Closed UnixJunkie closed 2 years ago
Alternatively, if there is an automatic way to generate the kind of json files you have in reference_data/inputs, that might be similarly useful.
Hello, the easiest way to do this is probably using ASE, just read in the file and write it out to a different filename; ASE uses the extended xyz format by default when writing files of the .xyz
extension. As for the lattice, I think it's automatically padded to cell extent + 10 Å, but you might want to verify this.
The json files in the reference data are only for the pure C++ implementation (when you need to run without Python), so I don't think you need those.
An 'ase.io.read' followed by an 'ase.io.write' does not create the missing unit cell. There is this kind of comment which was added though, for each molecule:
Properties=species:S:1:pos:R:3 CHEMBL405398_1=T pbc="F F F"

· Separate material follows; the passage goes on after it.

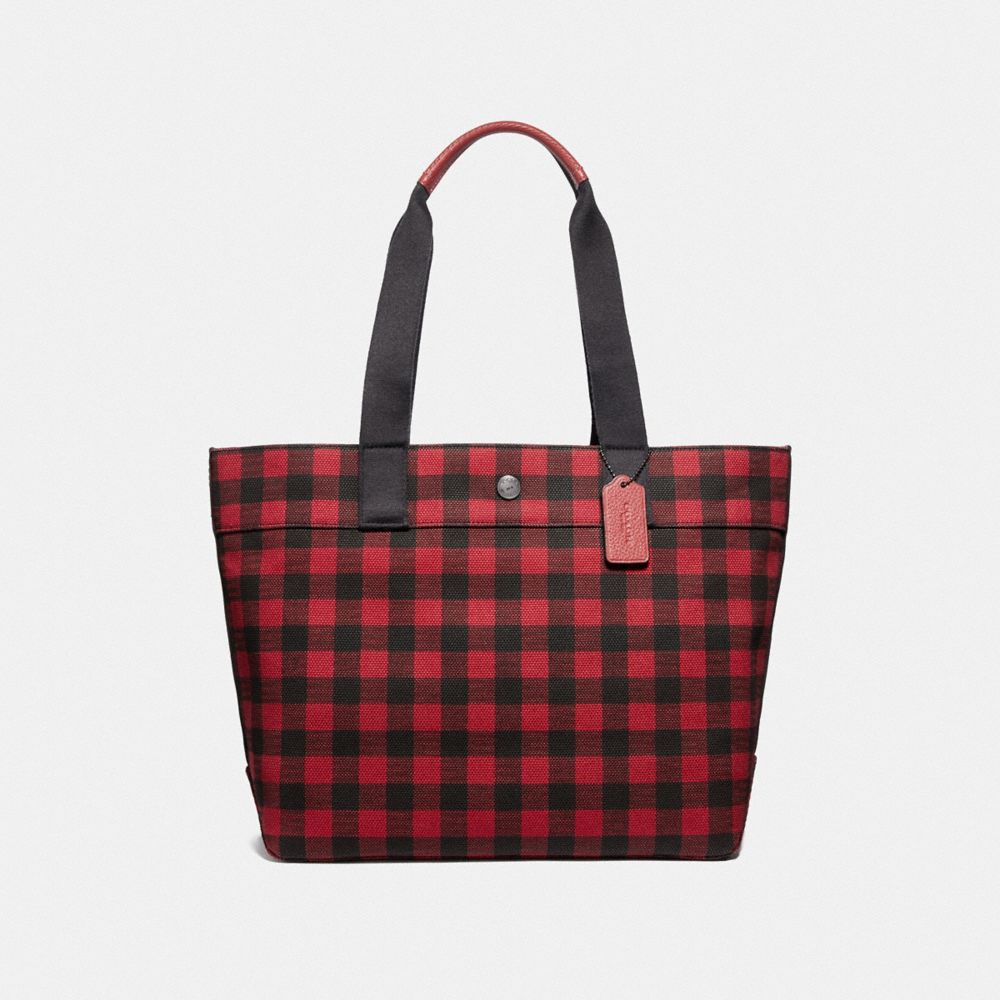 COACH F39848 - TOTE WITH GINGHAM PRINT RUBY MULTI/BLACK ANTIQUE NICKEL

You can also add the cell/lattice manually when loading your data:
frames = ase.io.read("your-file.xyz", ":")
for frame in frames:
frame.cell = [100, 100, 100] # set this to something big enough
frame.positions[:] += 50 # center the atoms in the cell
frame.pbc = [False, False, False] # disable periodic boundary conditions
From here, you can use ase.io.write()
to write an extended XYZ file with this cell information; or pass the frames directly to librascal.
Thanks a lot, I'll try this and let you know how it goes. Is there a users' mailing list for librascal? Maybe the bugtracker is not the best place for my beginner's questions.
One problem if I pass each frame directly to librascal is that the number of soap features will vary. While, I would like all my molecules to have the same number of SOAP features (though I don't know in advance what the dimensionality should be). I'll try working on a bigger computer, so that all molecules and their SOAP features can fit in memory.
You can specify manually the pool of chemical elements. Can't remember the syntax off the top of my head, but I believe there are examples. Something like global_species: [1,3, ....]
Even if I pass the global_species parameter to SphericalInvariants, the number of SOAP features is still varying:
# those are (num_atoms, num_SOAP_features) of the molecules I am reading in
Data matrix: (29, 2520)
Data matrix: (48, 3528)
Data matrix: (36, 2520)
Data matrix: (27, 2520)
Data matrix: (79, 2520)
Data matrix: (80, 2520)
Data matrix: (152, 3780)
Data matrix: (144, 1512)
Nb, not all molecules are with the same chemical composition; I am not working with frames from an MD simulation. Just distinct isolated molecules.
Can you share your full input & hyper-parameters?
Is there a users' mailing list for librascal? Maybe the bugtracker is not the best place for my beginner's questions.
That's fine for now, we don't have a lot of traffic. Otherwise, the discussion page on this repository would also be a good place for questions: https://github.com/lab-cosmo/librascal/discussions/categories/q-a
I'll share my test code as a PR.
You should be able to run it and get the following output:
./soap_test.py > test.out
Data matrix: (17, 2520)
Data matrix: (20, 1512)
Data matrix: (12, 2520)
Data matrix: (14, 2520)
Data matrix: (20, 2520)
Data matrix: (13, 1512)
Data matrix: (18, 2268)
Data matrix: (20, 2520)
Data matrix: (15, 2520)
Data matrix: (25, 1512)
Data matrix: (19, 1512)
Data matrix: (19, 1512)
Data matrix: (21, 1512)
Data matrix: (18, 2520)
Data matrix: (18, 2520)
Data matrix: (15, 1512)
Data matrix: (21, 1512)
Data matrix: (20, 1512)
Data matrix: (13, 2520)
Data matrix: (20, 2520)
While I understand the number of atoms is varying, I don't understand why this is the case for the number of SOAP features.
I don't understand how I could compare two atoms using a kernel if the atoms are not encoded with vectors of the same length.
solved thanks to feedback from the experts
Hello, It seems you are using an extended xyz file format. The second line for each molecule is a comment with some Lattice specification and other information. Is there a tool or function to automatically create such files given a "classic" xyz file? I am interested in a non repeating lattice (this is not a crystal, just an isolated molecule), big enough to hold the whole molecule, plus some margin on all axes, I guess. Thanks a lot, F.